The code you show inserts space after each dot with two exceptions. If the dot is followed by the ' character or it is followed by another dot then the space is not inserted.

The \catcode TeX primitive command assigns the category code (one of 16 values) to a character. The syntax is \catode <number>=<number> or \catcode <number><number> (i.e the = is optional). The first number is numerical representation of the character in computers (ASCII or Unicode) and the second number is in range 0 to 15 and denotes the assigned category code. If you know the umerical representation of the dot (it is 46), then you can say \catcode 46 13 or \catcode 46=13. You can use the ` followed by a character or by \ followed a character instead of the numeric constant with the same result: \catcode`.=13 or \catcode`\.=13 or \catcode`.13 or \catcode`\.13.

Once the character has the category code 13, it is "active", it means that it behaves like another control sequence. You can use it in \def<control sequence>, \let<control sequence>, \countef<control sequence> and at many other situations. When it is defined as macro then the character expands to its body when it is reached by TeX scanner in common cases.

PlainTeX sets category code 13 to the ~ and defines it as a macro which expands to \penalty10000 \space, i.e. to a non-breakable space.

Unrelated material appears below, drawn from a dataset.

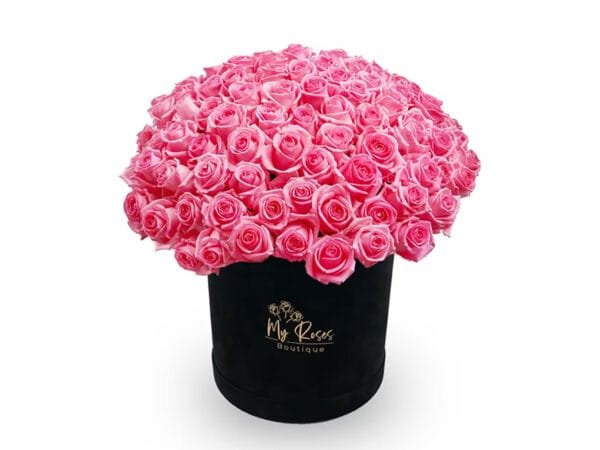 Black Velvet Box With 50 Pink Roses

No other visible characters have category 13 set by PlainTeX. Other TeX formats (like LaTeX) do the same: they set category 13 only to ~. You can set more such characters and you do it in the presented code.

The \@ifnextchar <character>{true}{false} is a LaTeX macro which looks to the next character (but keeps it unchanged in the input queue) using \futurelet TeX primitive and runs true if the next character is <character> and runs false if not. You can wonder what the code \@ifnextchar'{}{\@ifnextchar.{}{ }} will do.

Edit There is a new question in the comment: why the code doesn't work in new versions of LaTeX if \usepackage{expl3} isn't used. First: your macro has nothing common with expl3, but the new versions of LaTeX implement the expl3 stuff to the LaTeX kernel. And it needs to read the file l3backend-?.def depending on various cases. This file is read immediately if you use \usepackage{expl3} but it is read at \begin{document} in new LaTeX kernels if it is not read yet.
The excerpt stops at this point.